Moments ago the 101 USDJPY tractor beam was broken, sending the pair lower, as a red headline hit the tape saying that...
- JAPAN TO IMPOSE NEW RULES ON FOREX MARGIN TRADING, NIKKEI SAYS
Which incidentally was long overdue: with the BOJ scrambling to contain bond (and stock, if only to the downside) volatility, it was always the FX market that was the primary uber-levered culprit moving both asset classes. As such, it was very surprising that in a world in which all correlated asset classes (just look at the USDJPY-ES relationship) are driven by FX, that currency leverage and margin rules have remained largely untouched by regulators and central bankers whose credibility is suddenly slipping away, alongside the surge in global market volatility in the past week.
More from the Nikkei:
- Changes are intended to protect investors and limit scope for speculation, Nikkei newspaper reports, without attribution.
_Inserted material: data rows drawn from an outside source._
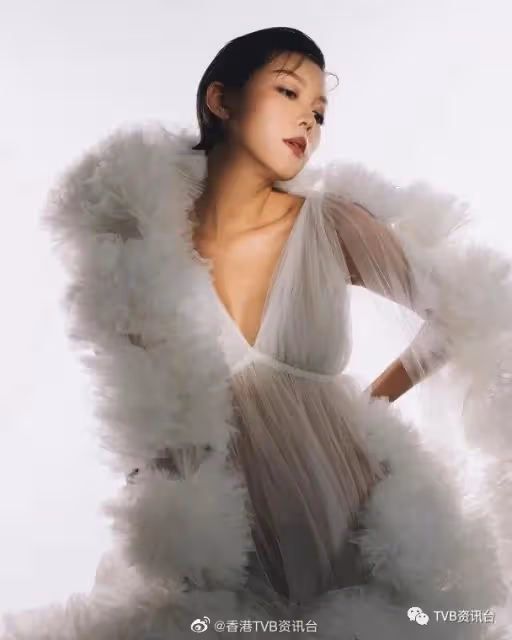 TVB當紅小生組裝寶寶搖床!老婆曬黑白孕照還沒生得
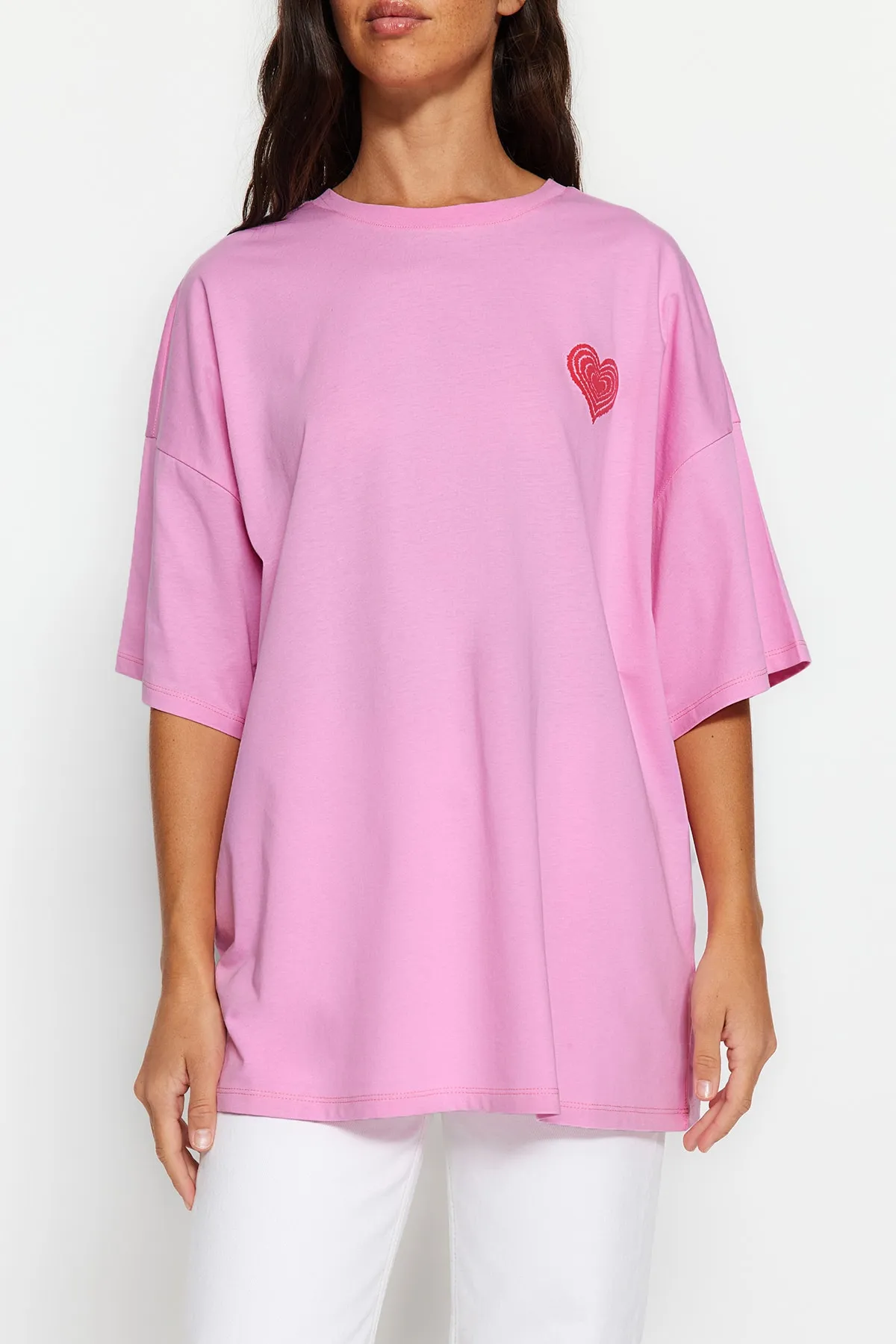 Trendyol Collection  Rosafarbenes Strick-T-Shirt aus 100 % Baumwolle mit geprägtem Print auf der Vorder- und Rückseite in Übergröße/weitem Muster TWOSS23TS00355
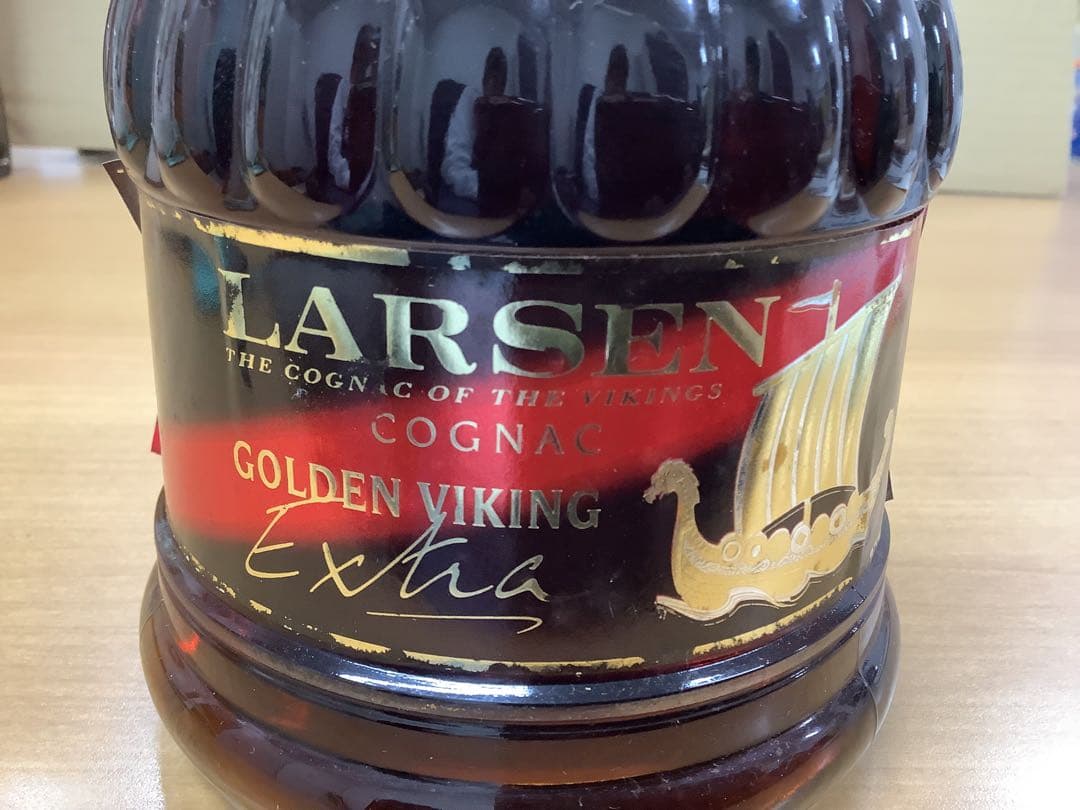 未開栓 コニャック ラーセン ゴールデンバイキング エクストラ 750ml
- Firms to be required to settle trade, even when rate movement favors trader; fine for violation up to 100m yen
- FSA to restrict trading in binary options, will ban trades less than two hrs ahead as early as this yr
- FSA to strengthen oversight of cos. with automated trading systems
While the details are still unclear, it is clear that Japan is finally focusing on JPY vol. Which also means that the days of unbridled soaring of the USDJPY pair are limited. And since the US market has been linked to the Yen for the past month, the spike in the Yen is what has caused a sudden air pocket under the US market to develop.
What happens further: we wait and see for the reaction by Mrs Watanabe in a few hours.